Geo, no riots and no problems for many, many years.  The political unrest, etc. has given way to a better way of life, more employment and fairly stable politics.  Some figures you see have the unemployment rate there at 20%+, but that doesn't take into account most laborers, vendors, housekeepers, gardeners and many others who barter or are paid in cash.  The general consensus in Dominica is 'anyone who wants to work can find work', which equates to about 7-9% real unemployment.  This is fairly well supported by the general absense of crime...which Dominica, St.Barths, Provencales and Mustique boast the lowest crime rates in the Carribbean (from the EC).
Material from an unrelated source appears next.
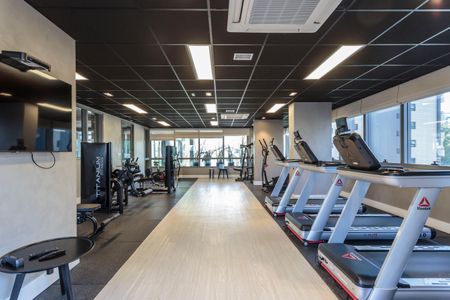 Apartamento para alugar com 50m², 1 quarto e sem vagaÁrea comum - Academia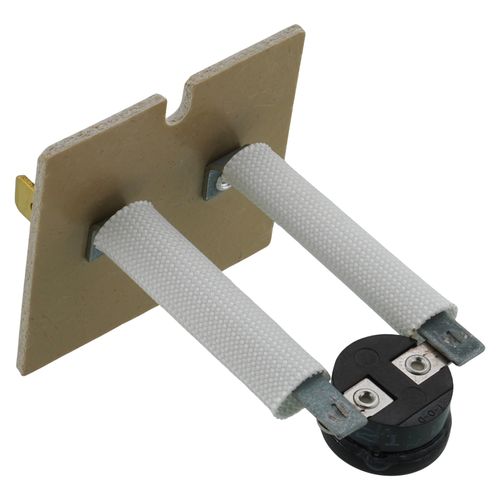Main product image of 1/2" Bimetal Disc Board Mount Limit Control, Opens At 220 Degrees F, Closes At 200 Degrees F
The only issue I've found going back all the way to the early 90's was a money laundering situation with one of the banks there and involved a local Fund Raising Company...fairly large amount too, but all indications were it was a front for a drug cartel out of South America.  

It is a normal Island and all authorities recommend as they recommend for St.Barths...lock up or attend to your valuables and don't leave them unattended.  A girl age 28 &amp; very pretty just completed a 6 week stay on the Island researcing for a book on Eco Tourism...she walked all over the Island, mostly by herself &amp; although she said she felt unsafe at times, not one single problem.  That is pretty amazing in itself.

Ric

----------


## Seles

Answering my own post for whoever is interested.

Dominica took a mild hit (Cat.1-2) from Hurricane Dean with 5 days of preparedness.   The Island faired well, but crops are gone and leaves of most trees/plants, etc are gone.  Agriculture which is major there is almost 100% gone.  Roads are in disrepair afterwards and communication is basic.  Elec. is back as other infrastructure, but all is damaged severely from a mild Hurricane.

Then on top of this a 4.2 earthquake happened off the coast of Dominica and affected a great deal.  Mudslides  and lots of rain caused rivers to overflow and flooding, etc.  Two deaths caused by mudslides, a young mother and her daughter.  Bless them.

Dominica will recover but interestingly it is evident that a Catastrophic H (Cat 4 or 5) would devastate this or any Island in the Caribbean, particularly the infrastructure.  It will take time to recover, but in 3 months after the growth is back the Hurricane effects will only be a memory.

Ric

----------